Duchess of York and mother of two English queens, Mary II and Anne. Born on March 12, 1638 (some sources cite 1637), at Cranbourne Lodge in Windsor, Berkshire, England; died on March 31, 1671, at St. James's Palace, London; interred at Westminster Abbey, London; eldest daughter of Sir Edward Hyde (1609–1674), 1st earl of Clarendon, and Frances Aylesbury (1617–1667); married James, duke of York, later James II, king of England (r. 1685–1688), in 1660; children: Charles Stuart (1638–1671); Mary II (1662–1694), queen of England (r. 1689–1694), queen of Scots (r. 1689–1694); James Stuart (1663–1667); Anne (1665–1714), queen of England (r. 1702–1707), queen of Scotland (r. 1702–1707), queen of Britain (r. 1707–1714); Charles (b. 1666, died in infancy); Edgar (b. 1667, died in infancy); Henrietta (1669–1669); Catherine (1671–1671).

Anne Hyde was born on March 12, 1638, at Cranbourne Lodge in Windsor, Berkshire, the eldest daughter of Sir Edward Hyde, later earl of Clarendon, and Frances Aylesbury . Edward Hyde was lord chancellor to King Charles II, who had spent his youth exiled in France.
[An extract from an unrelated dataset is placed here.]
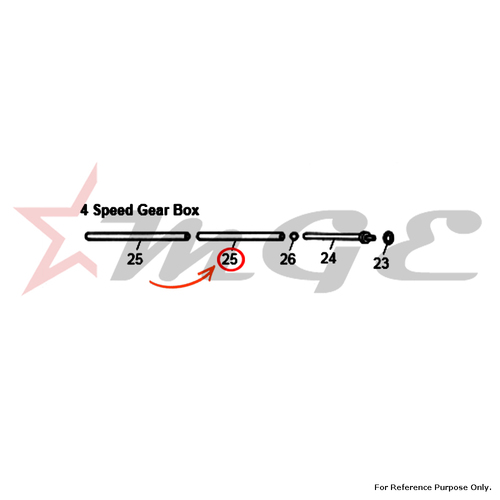 Clutch Rod AVL For Royal Enfield - Reference Part Number - #550055/G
The English Civil War (1642–1649) had wrested the throne from the Stuart family and sent Charles' father, Charles I, to the execution block.
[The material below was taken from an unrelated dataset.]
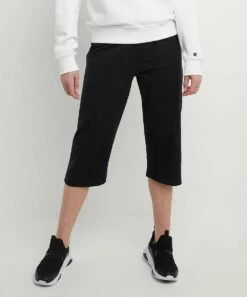 Budget ✨ Champion Black Capri Lounge Pants - 👩 Women 🤩 -Champion Sales zu102022758 alt 3 tm1655917912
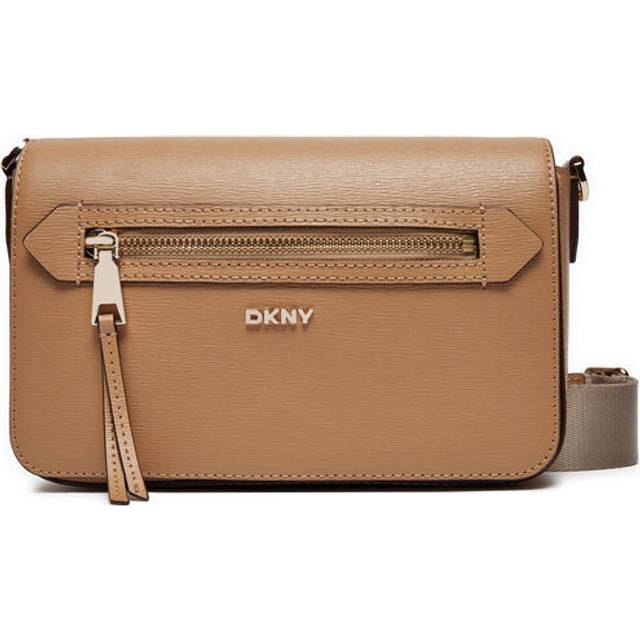 DKNY Bryant Ave Shoulder bag Leather 22 cm beige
In 1660, Charles II was restored to the English throne. Having already proved his fertility by siring several bastard children, everyone expected that Charles and his queen, Catherine of Braganza , would provide an heir to the throne. Should Charles die without a legitimate heir, the throne would pass to his younger brother James, duke of York. But James scandalized the court in 1660 when he secretly married Anne Hyde, who had been maid of honor to Mary of Orange (1631–1660). Although Sir Edward Hyde had faithfully served Charles II, the Hydes were commoners—not suitable royal marriage partners. Edward was "struck to the heart" and offered to send his daughter to the Tower to be executed, but Charles laughed it off. "She would do her husband good," he said.

In quick succession, the duchess of York produced eight children, but only two survived to adulthood. The world took little notice in the years 1662 and 1665 when Anne Hyde gave birth to baby girls, and the new arrivals were swiftly dispatched to the royal nursery. No one would have guessed that they would one day inherit the English throne, for although the children were undeniably of royal blood, they were far removed from the line of Stuart succession.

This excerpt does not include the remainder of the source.